Exercise details: Directions for the data below: repeat exactly the lines from the one with "Message Home 2" through the one with "Finest Fencer Born in 1946 T-Shirt", both included, and omit all pictures.

Dataset excerpts:

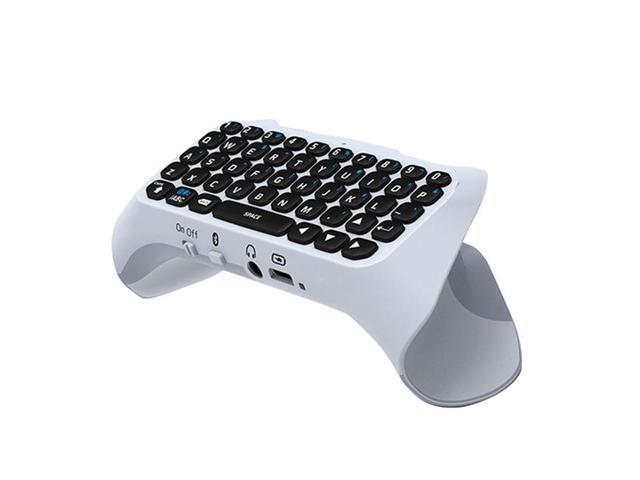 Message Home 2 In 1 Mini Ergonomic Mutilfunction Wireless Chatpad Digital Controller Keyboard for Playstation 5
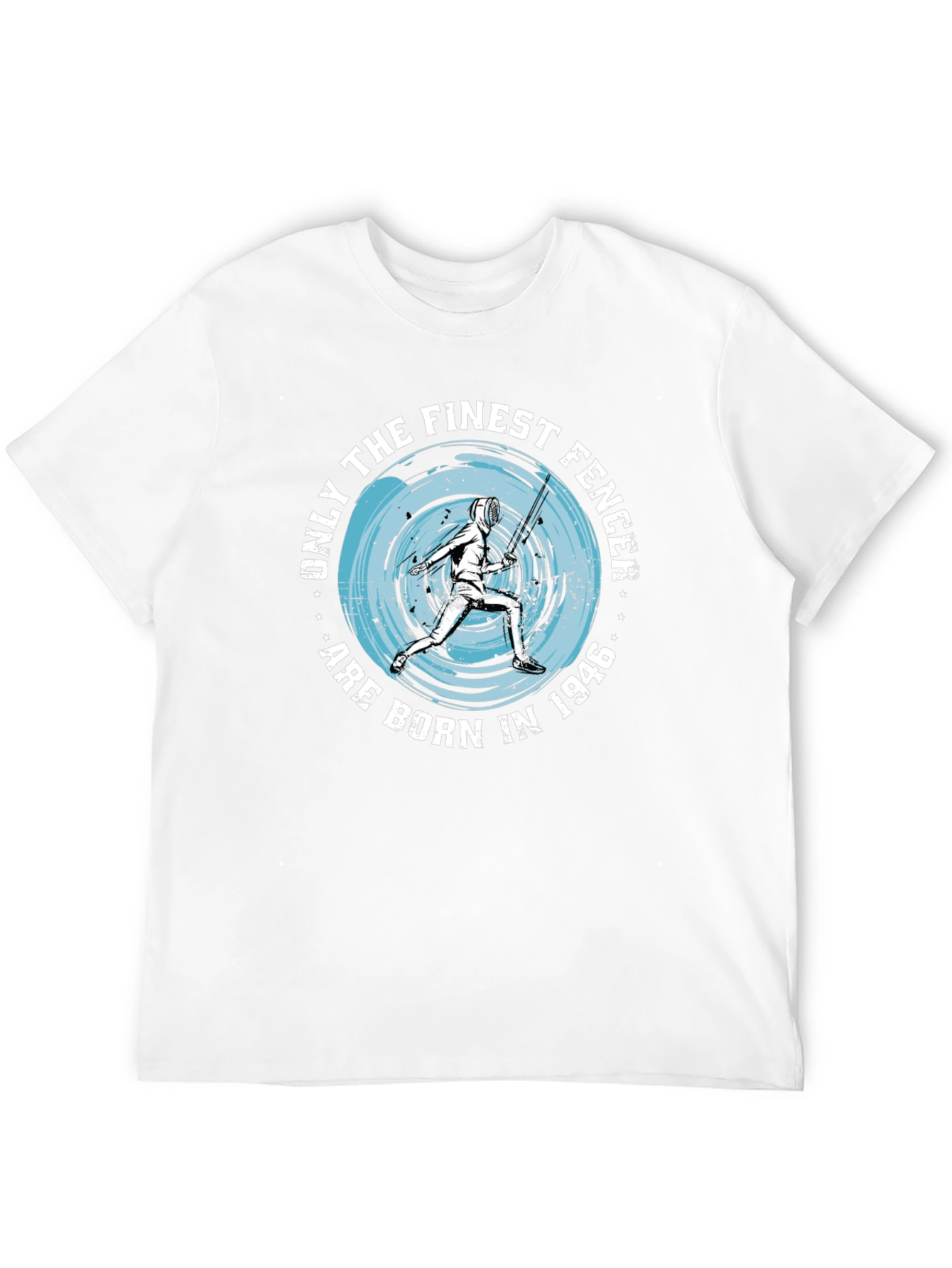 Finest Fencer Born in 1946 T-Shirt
...
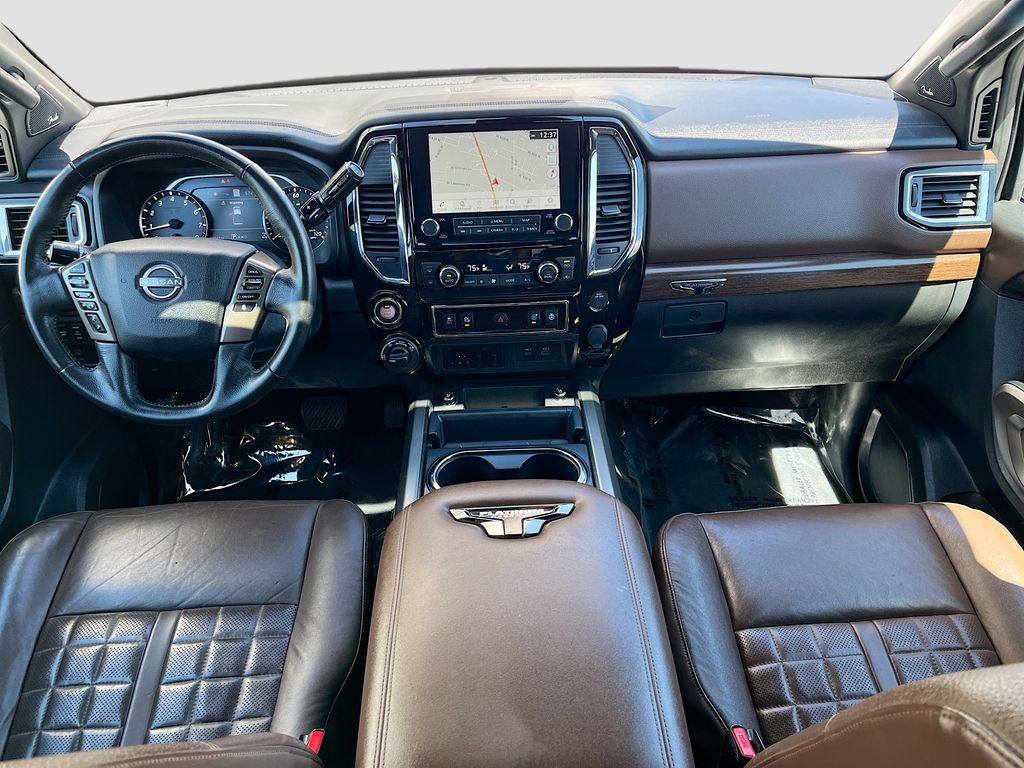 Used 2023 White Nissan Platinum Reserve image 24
--
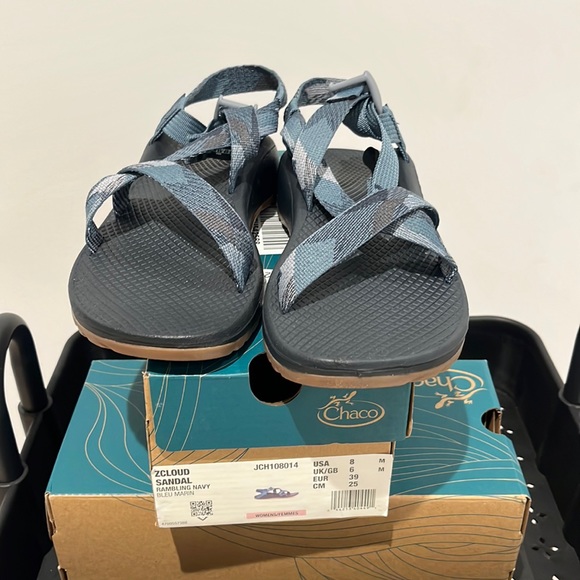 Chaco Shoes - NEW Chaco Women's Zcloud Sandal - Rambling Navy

Written solution:
 Message Home 2 In 1 Mini Ergonomic Mutilfunction Wireless Chatpad Digital Controller Keyboard for Playstation 5
 Finest Fencer Born in 1946 T-Shirt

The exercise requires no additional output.